A Special Dream

I like dreams.  I have a vivid memory of an expository dream I had as a young person.

Expository as intending to explain or describe something. 

It was in color.  I say this because others have asked in the past.  And it happened right across the road from the house I grew up in, and was living in when I had the dream.  I grew up in the country with a field across the road and one that bordered our backyard.  Row crops, such as corn or soybeans, were the typical harvest.  Sometimes the farmer grew hay.

In the dream, I was driving the combine.  This was thrilling as farming was one of the three ideas I had for a career leaving high school.  Growing things is very fulfilling to me.

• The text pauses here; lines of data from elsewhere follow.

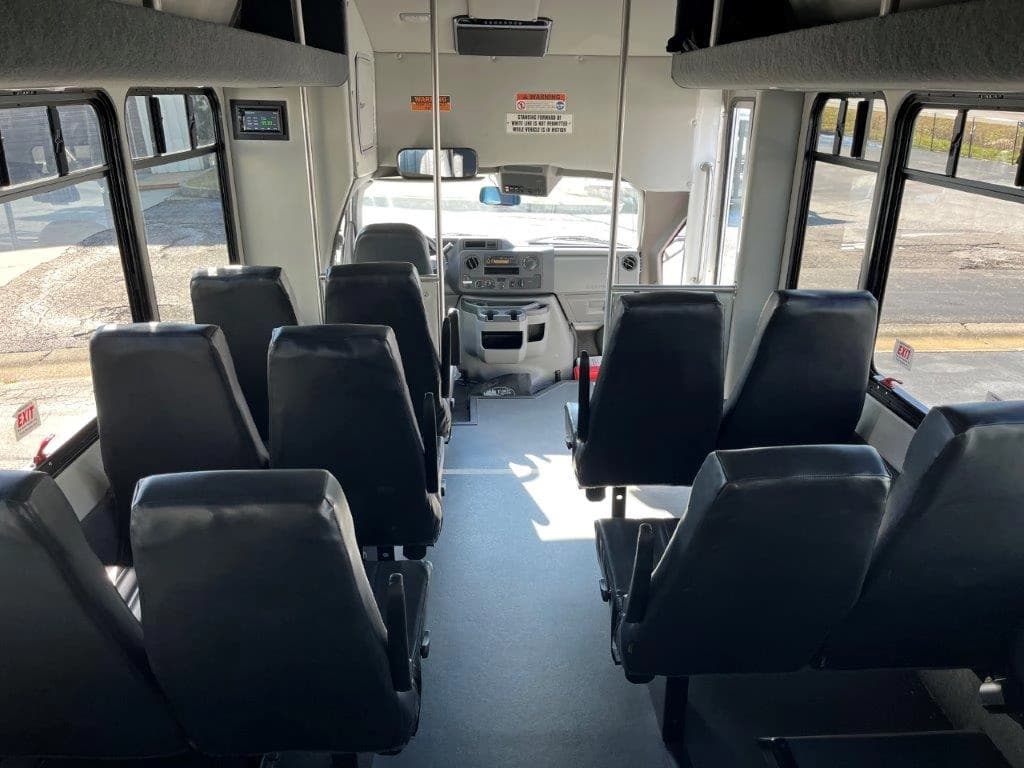 2022 Ford E350 Starcraft Allstar Non-CDL Shuttle Bus - Image 5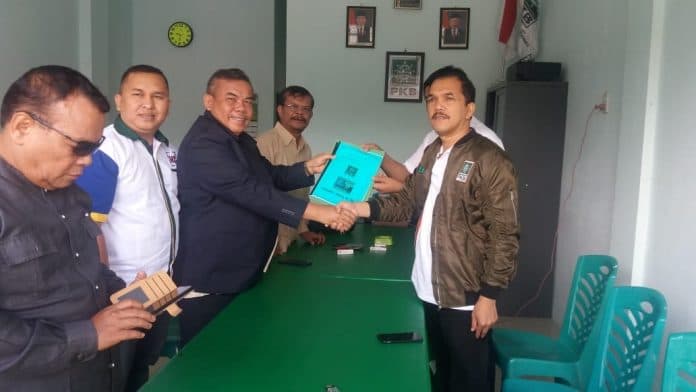 mangihut_sinaga_shmh_serius_untuk_maju_di_pilkada_samosir_2020
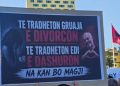 Revolucioni i Flamingove, pankartat e protestuesve në Bulevard ditën e gjashtë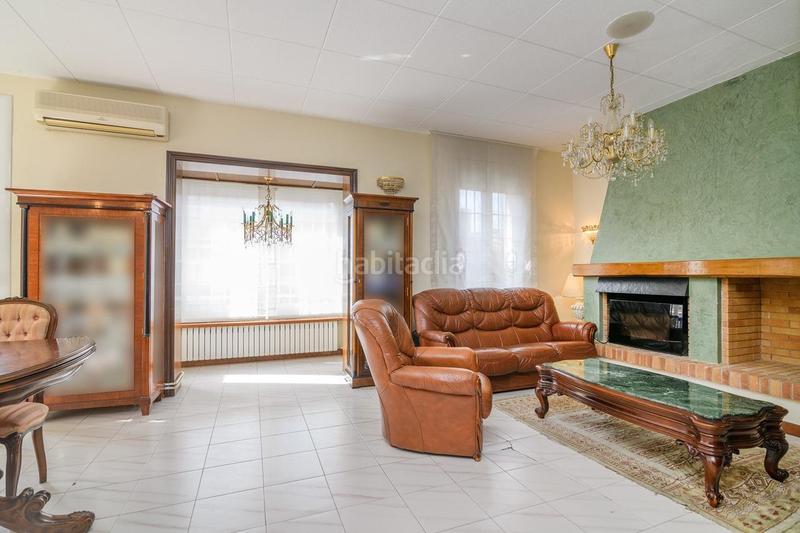 Foto 4bd97e4f-9fd1-4a21-a21c-2c2c1265731a. Piso un refugi al centre jardí, piscina i espai per a tot el que et fa feliç en Manresa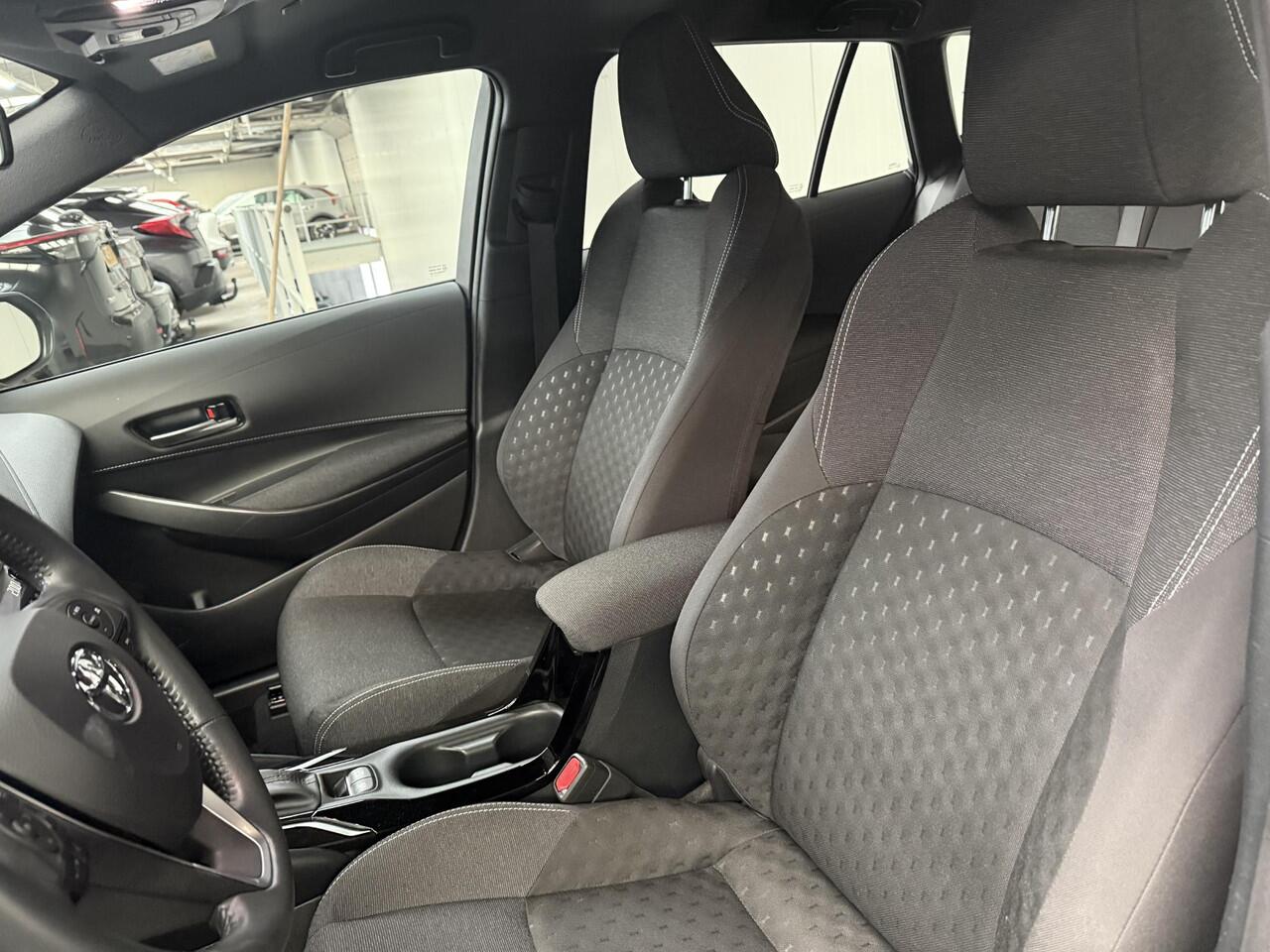 Toyota COROLLA Touring Sports Hybrid 140 Active met 4 nieuwe all season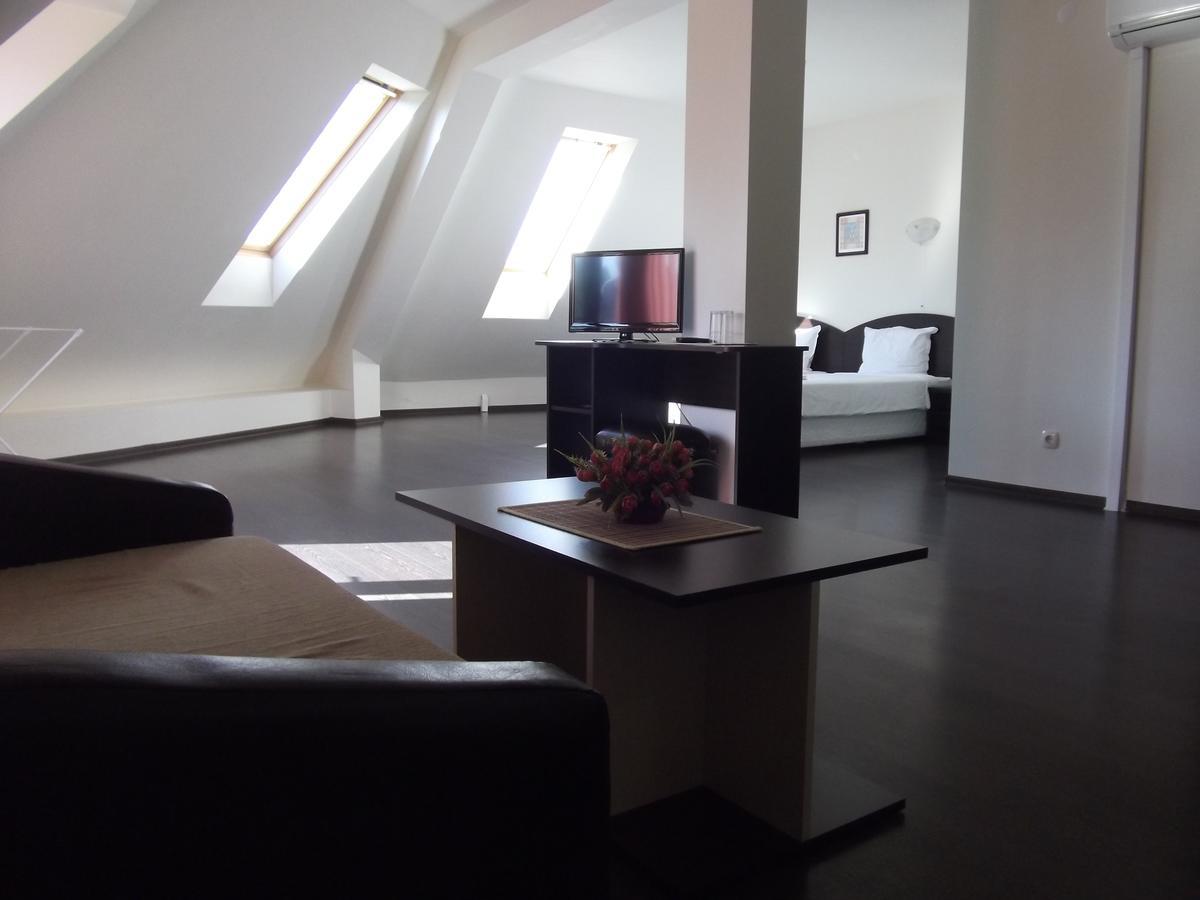 Hotel Enchevi Kirkowo Zewnętrze zdjęcie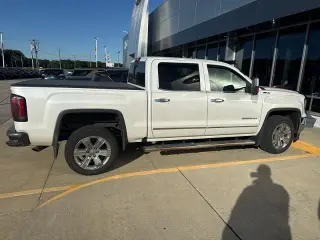 GMC Sierra 1500 2016 4x4 SLT 4dr Crew Cab 5.8 ft. SB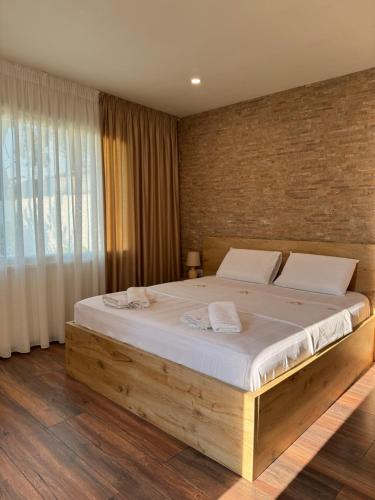 Postel nebo postele na pokoji v ubytování Lazaj Villa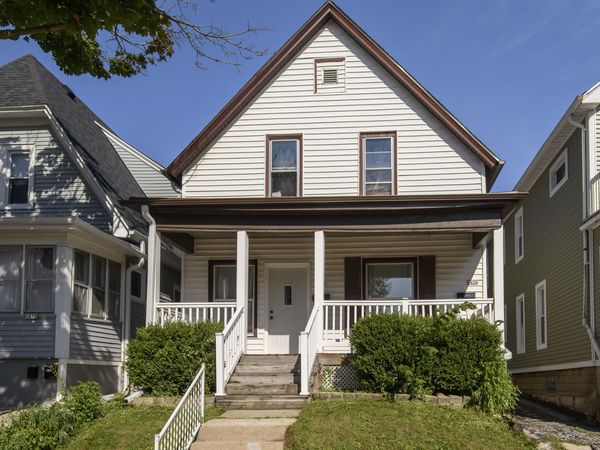 1424 S 79th St, West Allis, WI 53214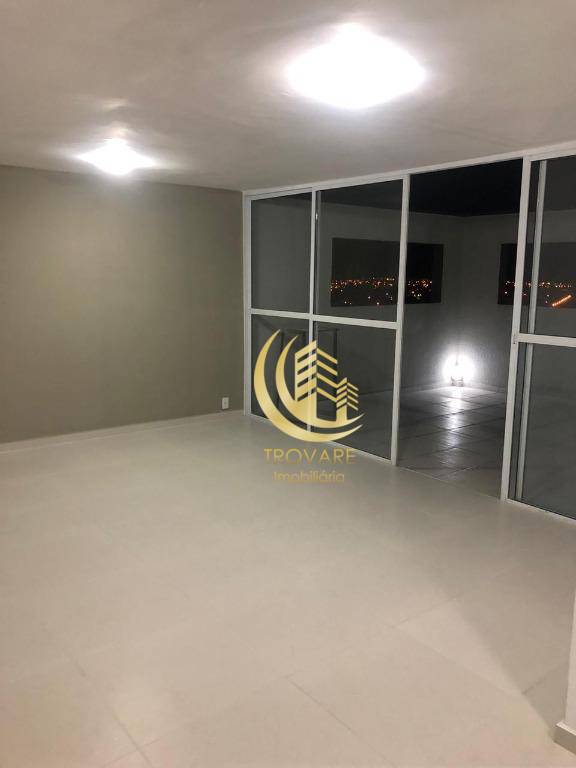 Apartamento à venda com 3 quartos, 176m² - Foto 1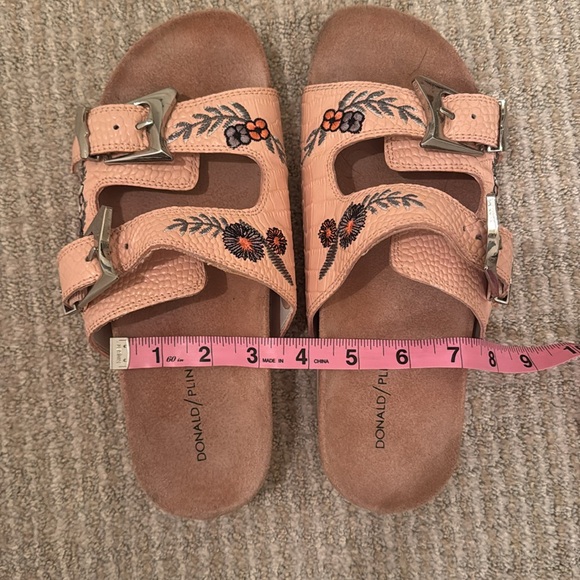 Donald Pliner leather floral slide sandals - Picture 9 of 10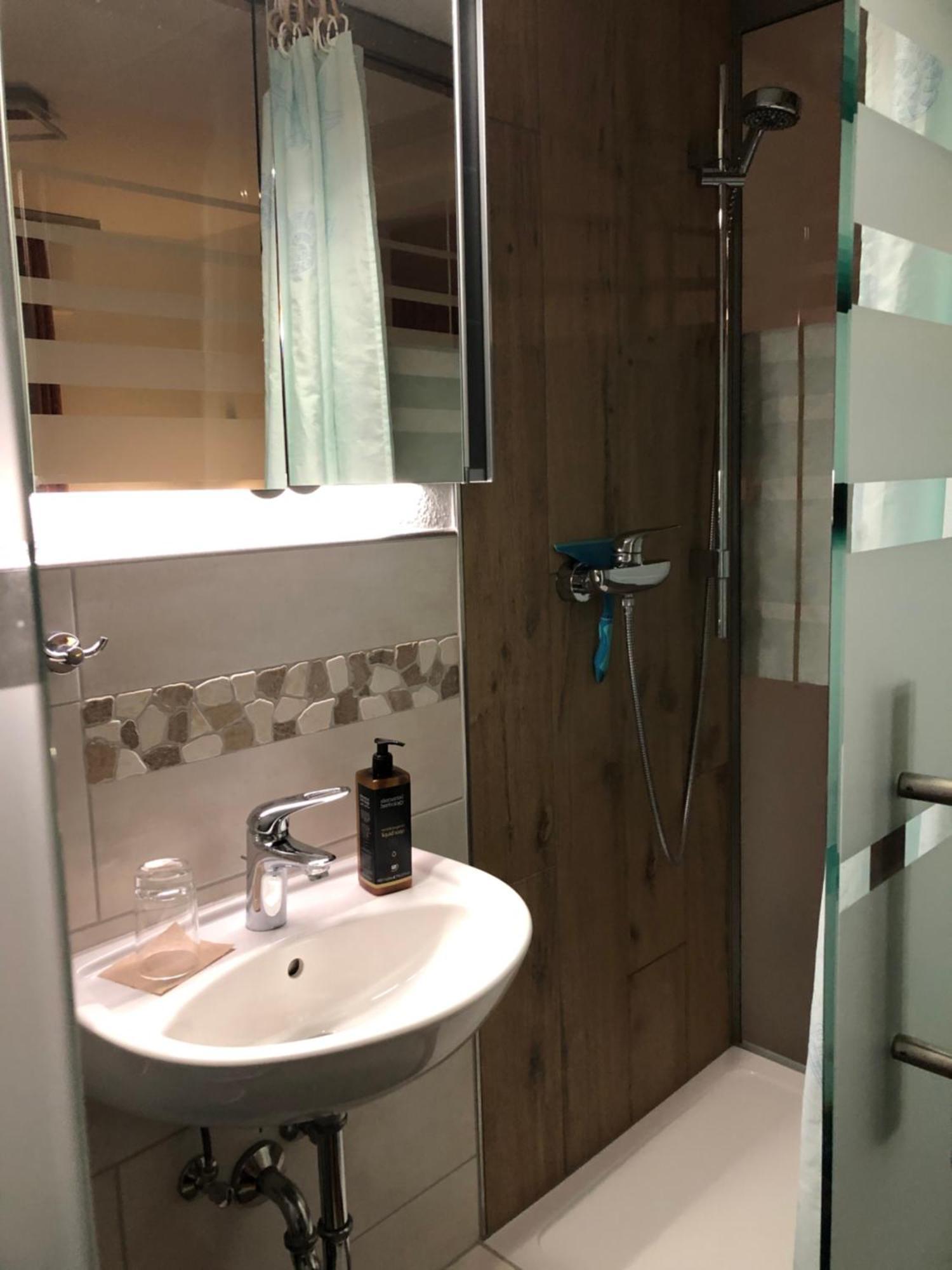 Aussichtszimmer Mit Modernem Glasbad Und Balkon Coblenza Esterno foto
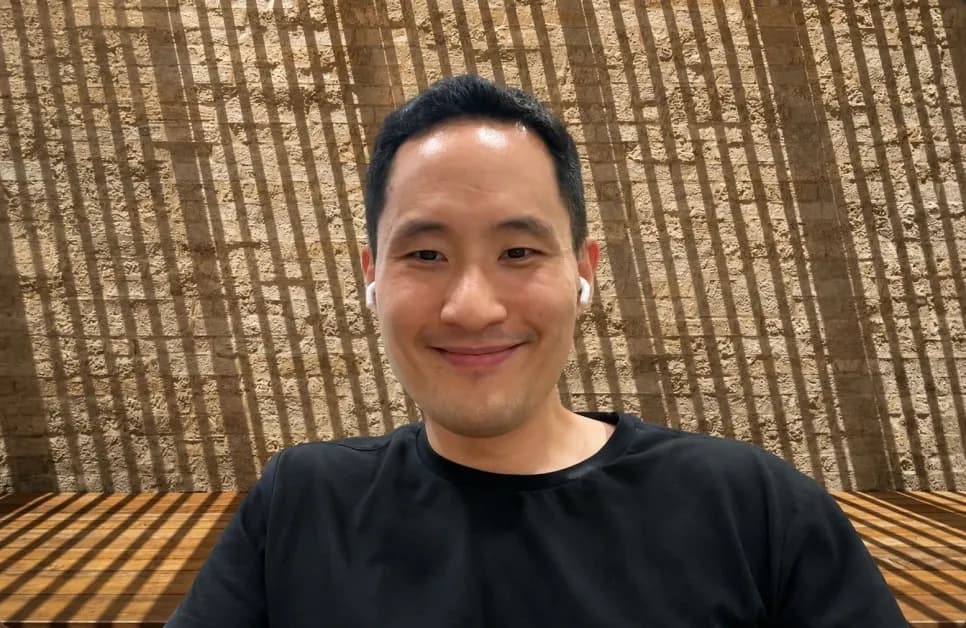 CONNECT 2026 사전 인터뷰를 진행하고 있는 김현준님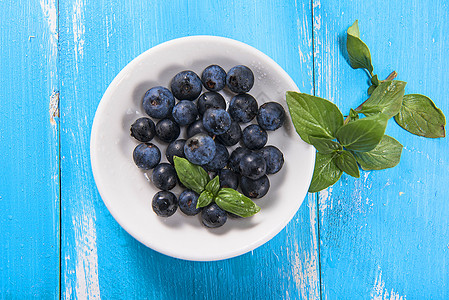 蓝莓水果维生素木制的高清图片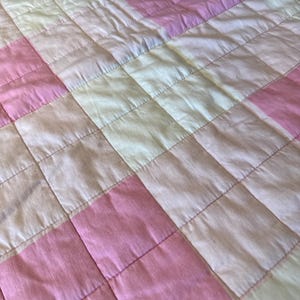 Pretty Vintage 17”x 22” Pink and White Block Cutter Quilt Piece, Repurposed Quilt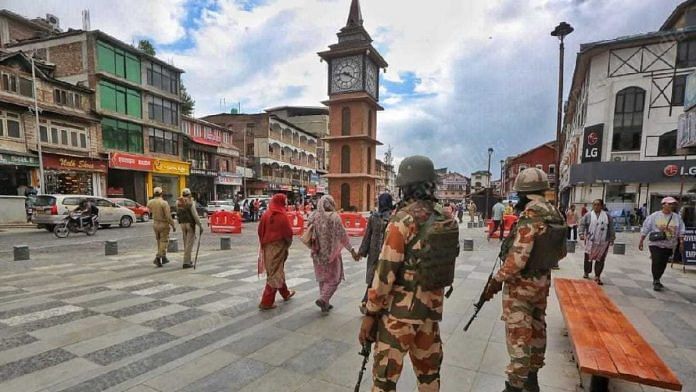 Security personnel stationed at Srinagar's Lal Chowk | Praveen Jain | ThePrint
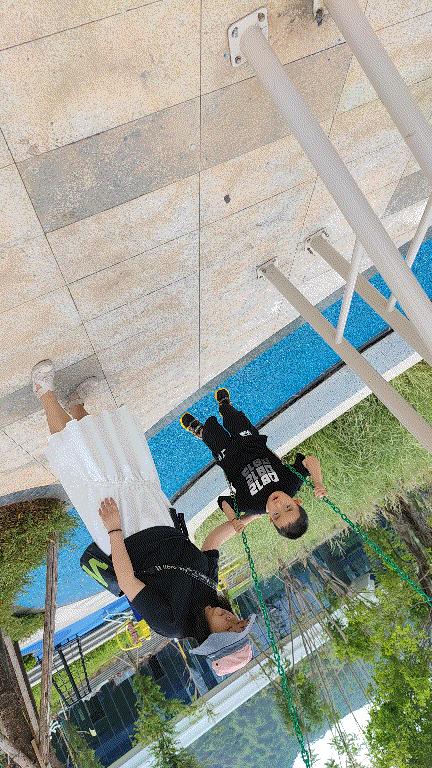 这才是自拍杆的完美形态,它就是浩瀚卓越小Q稳拍杆,不服来战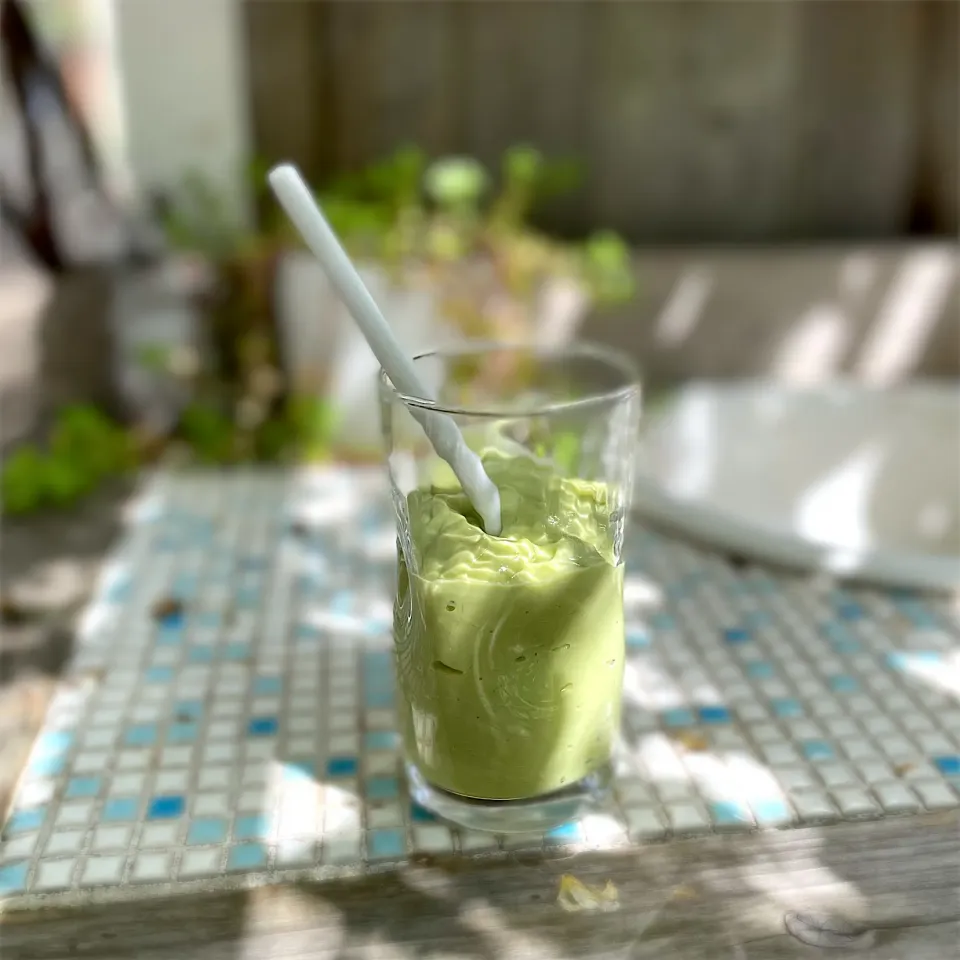 Snapdishの料理写真:アボカドプディング🥑最近の流行り🥹　『アーモンド効果』が効いて美味しい✨|美味飯さん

I remember looking out the front windshield at bright green grass I was going to cut and bale.  Yes, so green it would be too early to harvest typically.  It was a beautiful sea of green as I drove around the field.

Then I looked behind me at the hopper.  Yes, I was driving a combine set up for a different crop.  This was not the set up to cut the grass, or rake it or bale it.  It was the set up for soybeans.  The cylinder of blades was on the front of the combine.  This is a dream, so we can suspend the typical farming methods.  And hopefully we do suspend those methods because what I found in the hopper was neither straw nor beans.

The hopper was filling quickly with brilliant yellow kernels of corn.

In the dream I saw neither a beginning nor an end.  I do not recall climbing in to the cab of the combine.  I did not see the corn go up the shoot and into the waiting semi-trailer headed to the grain bin.  I dreamt the middle of the happening.

When I woke, I felt great.  It was one of those dreams.   I was refreshed and happy.  No lingering puzzlement was with me in the new day.

I’ve mused about that dream over the years.  I’ve never felt frustrated at the nonsensical method of farming.  Always, I find myself focused on the transformation of the green grass to the yellow corn.  Both so fertile and abundant. 

I always sense that was God’s doing.  It was not I nor the combine that changed things.

I share my special dream with you to share a couple of the reflections I carry from the dream.

When God transforms persons and communities, it is inspiring.  I have seen God at work with the faithful.  Always leaves me with a peaceful hopeful feeling.

Barren trees are not fruitful.  I dreamt of a fertile field with a fertile yield.  God provides both for us to engage.

FCC Salem has a fertile history both distant and near.  Our present is burst with potential.  Walking together into the future, I feel as confident and happy as I did when I woke from that dream.  

What do you see in the hopper?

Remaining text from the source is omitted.